8. BÖLÜM

11.6K 642 443
                                    

   Multimedya: Gökmen

"Abla, abla uyan."

Gözlerimi açtığımda gün ağarmıştı . Canberk, tatlı bir şekilde gülümseyerek "sana bir sürprizim var." dedi. Merakla "ne sürprizi?" diye sordum.

"Gözlerini kapat abla. Ben aç demeden açma."

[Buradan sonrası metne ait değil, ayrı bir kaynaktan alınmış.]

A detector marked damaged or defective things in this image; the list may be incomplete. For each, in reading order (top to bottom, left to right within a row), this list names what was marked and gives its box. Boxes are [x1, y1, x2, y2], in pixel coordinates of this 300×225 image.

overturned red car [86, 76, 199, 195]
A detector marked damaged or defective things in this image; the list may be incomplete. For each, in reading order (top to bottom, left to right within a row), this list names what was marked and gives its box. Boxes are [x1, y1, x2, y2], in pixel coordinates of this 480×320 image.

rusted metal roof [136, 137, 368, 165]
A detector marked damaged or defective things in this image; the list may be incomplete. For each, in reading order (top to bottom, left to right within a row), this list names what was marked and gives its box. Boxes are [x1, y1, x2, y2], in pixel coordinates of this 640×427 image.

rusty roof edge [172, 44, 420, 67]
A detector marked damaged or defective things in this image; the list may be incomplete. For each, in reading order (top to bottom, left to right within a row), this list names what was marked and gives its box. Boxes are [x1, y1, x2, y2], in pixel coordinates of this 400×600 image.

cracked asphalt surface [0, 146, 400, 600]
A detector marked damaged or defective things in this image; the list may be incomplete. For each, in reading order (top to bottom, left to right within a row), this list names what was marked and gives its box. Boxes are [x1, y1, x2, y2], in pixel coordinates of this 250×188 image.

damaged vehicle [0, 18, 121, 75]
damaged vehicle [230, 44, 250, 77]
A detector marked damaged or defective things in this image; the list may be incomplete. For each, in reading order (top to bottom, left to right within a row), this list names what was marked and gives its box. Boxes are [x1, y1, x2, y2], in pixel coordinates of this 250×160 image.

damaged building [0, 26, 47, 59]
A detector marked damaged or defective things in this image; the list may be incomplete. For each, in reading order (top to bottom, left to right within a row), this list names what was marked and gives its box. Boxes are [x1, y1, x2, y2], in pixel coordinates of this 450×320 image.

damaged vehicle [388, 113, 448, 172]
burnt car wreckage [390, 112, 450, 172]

"Tamam,"diyerek gözlerimi kapattım ve ayağa kalktım. Canberk koluma girdi ve ağır adımlarla yürümeye başladık. "Şimdi açabilirsin abla" demesiyle gözlerimi açtım. "Ama bu..."

"Evet abla, tavuk baget. Annem bizim için yapmış." "Yihuu!" diyerek Canberk'e sarıldım. Annem kırılgan bir tavırla "beni öpmek yok mu?" dedi. Annemi yanaklarınan öptüm.

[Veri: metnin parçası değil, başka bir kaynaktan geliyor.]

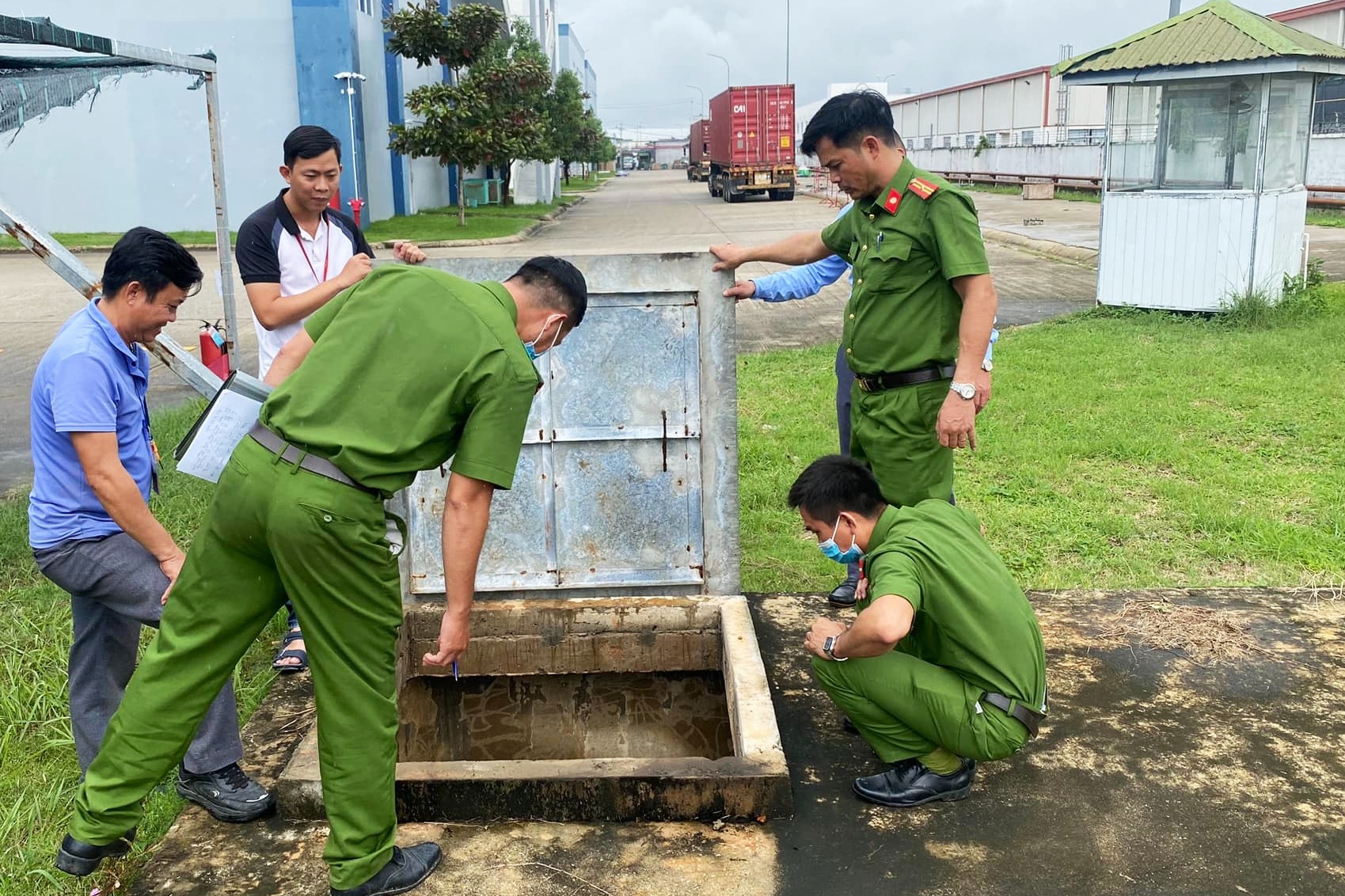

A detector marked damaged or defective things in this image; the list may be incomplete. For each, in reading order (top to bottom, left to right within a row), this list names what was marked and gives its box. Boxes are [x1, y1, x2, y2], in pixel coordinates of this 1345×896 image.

rusty metal panel [401, 254, 737, 597]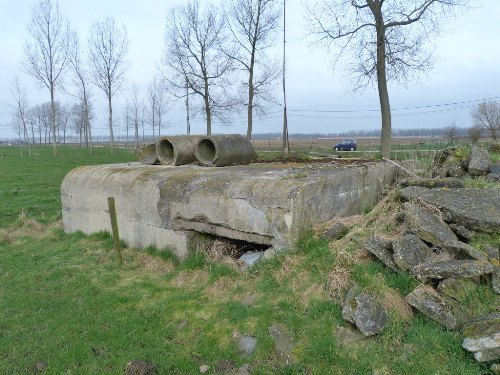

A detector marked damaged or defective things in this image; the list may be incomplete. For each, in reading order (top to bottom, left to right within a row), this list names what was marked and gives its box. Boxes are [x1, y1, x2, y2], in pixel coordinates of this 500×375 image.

broken concrete slab [468, 146, 492, 177]
broken concrete slab [62, 162, 396, 258]
broken concrete slab [404, 203, 458, 247]
broken concrete slab [402, 188, 500, 235]
broken concrete slab [362, 236, 396, 272]
broken concrete slab [392, 235, 436, 274]
broken concrete slab [410, 260, 492, 280]
broken concrete slab [406, 286, 468, 330]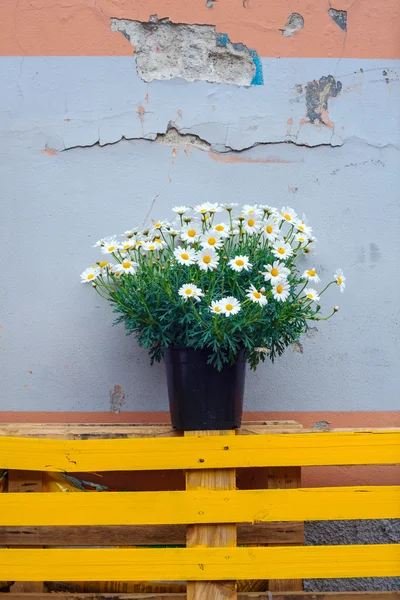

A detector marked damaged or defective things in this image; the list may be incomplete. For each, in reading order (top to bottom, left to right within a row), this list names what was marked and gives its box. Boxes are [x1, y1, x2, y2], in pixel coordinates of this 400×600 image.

peeling paint [110, 16, 262, 85]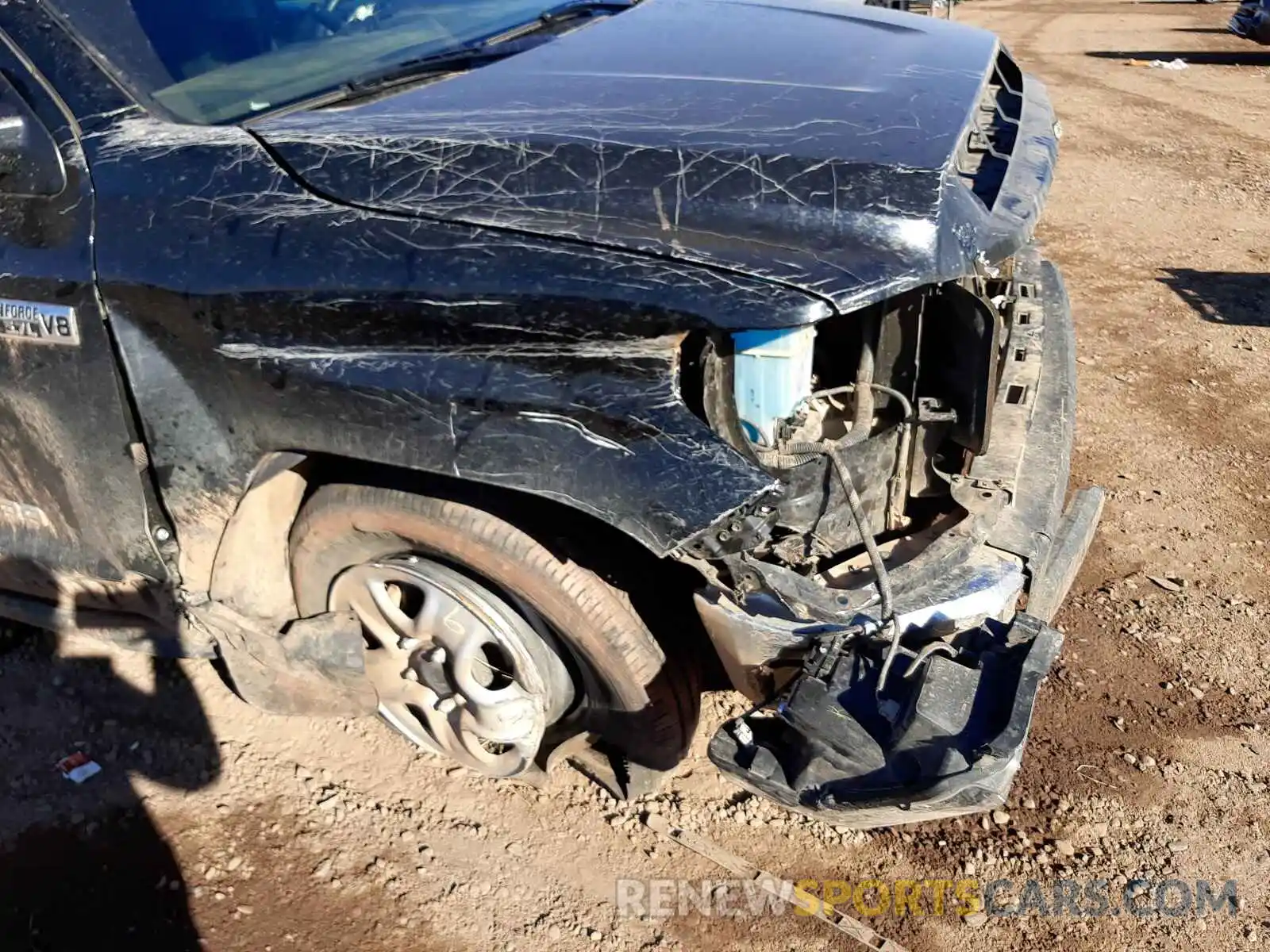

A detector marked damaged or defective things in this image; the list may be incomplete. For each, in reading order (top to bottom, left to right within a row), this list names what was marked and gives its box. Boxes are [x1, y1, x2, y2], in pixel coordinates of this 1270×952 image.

damaged black pickup truck [0, 0, 1092, 827]
crumpled hood [252, 0, 1056, 313]
detached bumper fascia [701, 254, 1107, 827]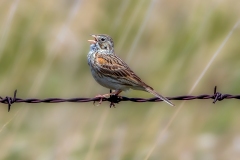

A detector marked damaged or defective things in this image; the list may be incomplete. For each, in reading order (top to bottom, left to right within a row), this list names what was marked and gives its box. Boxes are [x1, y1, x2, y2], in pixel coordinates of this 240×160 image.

"Teşekkür ederim anne. Bize bu sürprizi yaptığın için."

"Bir şey değil kızım. Bugün dükkana geç gidecektim de size kahvaltı hazırlayayım dedim. Marketten baget aldım ve pişirdim. Siz çok seversiniz."

Ah annem! Bagete bayılırım, büyük sürpriz oldu bize.

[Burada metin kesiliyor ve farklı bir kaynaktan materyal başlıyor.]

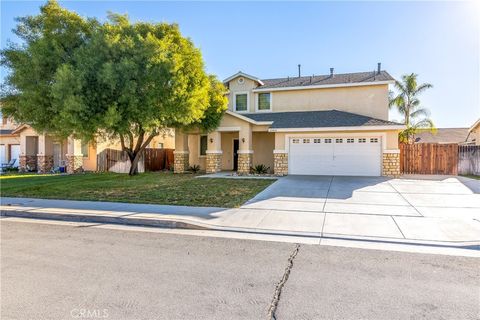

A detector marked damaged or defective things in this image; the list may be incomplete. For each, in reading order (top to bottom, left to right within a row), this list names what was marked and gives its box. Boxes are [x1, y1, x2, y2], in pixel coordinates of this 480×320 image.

crack in asphalt [266, 244, 300, 318]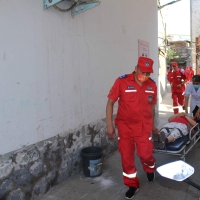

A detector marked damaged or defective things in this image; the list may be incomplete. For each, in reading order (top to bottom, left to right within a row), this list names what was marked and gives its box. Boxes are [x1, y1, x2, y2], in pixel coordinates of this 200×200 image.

peeling paint wall [0, 0, 159, 198]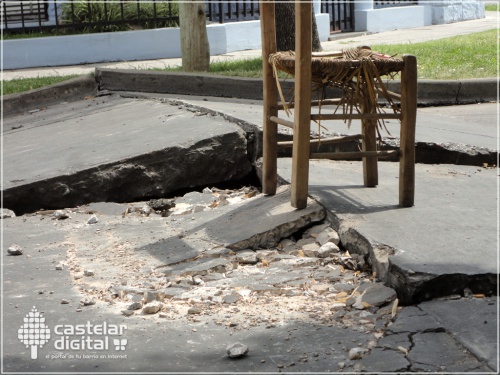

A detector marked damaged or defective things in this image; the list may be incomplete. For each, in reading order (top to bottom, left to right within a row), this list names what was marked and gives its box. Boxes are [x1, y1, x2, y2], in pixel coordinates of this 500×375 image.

broken asphalt pavement [1, 86, 498, 374]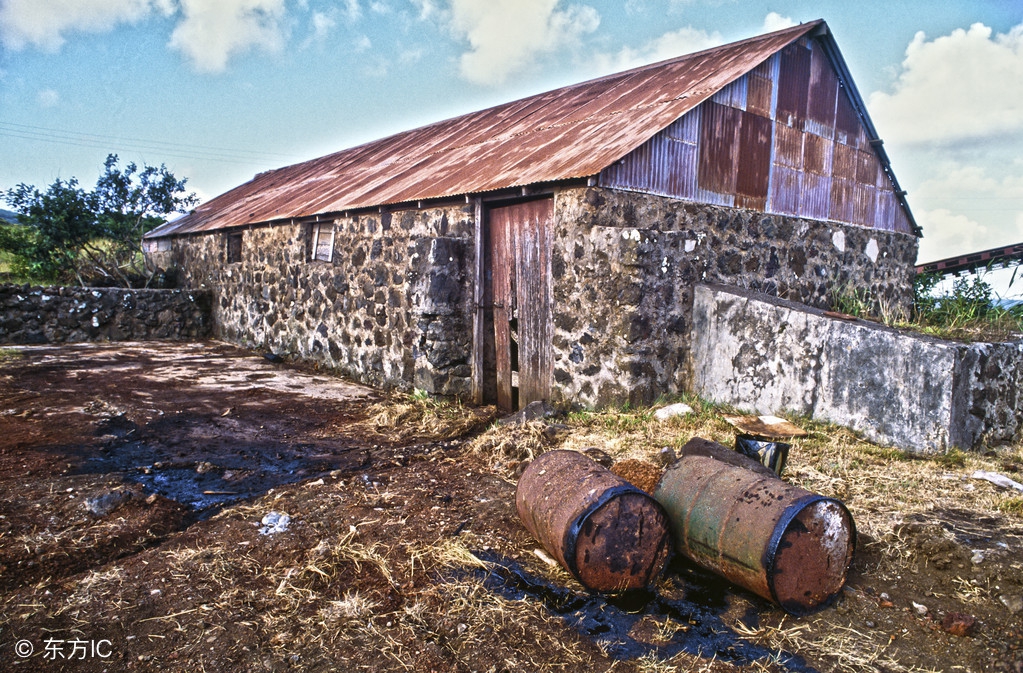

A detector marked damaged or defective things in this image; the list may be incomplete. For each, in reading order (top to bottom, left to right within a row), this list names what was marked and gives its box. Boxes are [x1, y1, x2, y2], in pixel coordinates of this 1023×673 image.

rusted corrugated roof [150, 21, 824, 238]
rusty metal barrel [516, 448, 676, 592]
second rusty barrel [520, 448, 672, 592]
rusty metal barrel [656, 436, 856, 616]
second rusty barrel [656, 436, 856, 616]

"Ablacığım, nefis görünüyor."

"Dayı, sen bizde mi kaldın?" diye sordum şaşkınlıkla. Dayım yanağımdan makas aldı. "Kaldım Alevcik. Ama sen ölü uykusuna yattığın için görmedin. Kız o ne uykuydu öyle? Saat dokuz da uyunur mu?

Canberk hemen atladı. "Abla, biz dün gece dayımla dondurma yedik, kart oynadık. Mahmut'u yıkadık çok güzeldi.Nişanın bitmesini bekleseydin abla bize katılırdın çok eğlenceliydi." Nişan derken,dedem nerede acaba?" Merakla sordum.

"Dedem nerede?"

"Sevgili Farah'ını kahvaltıya götürmüştür." diyerek omuz silkti annem.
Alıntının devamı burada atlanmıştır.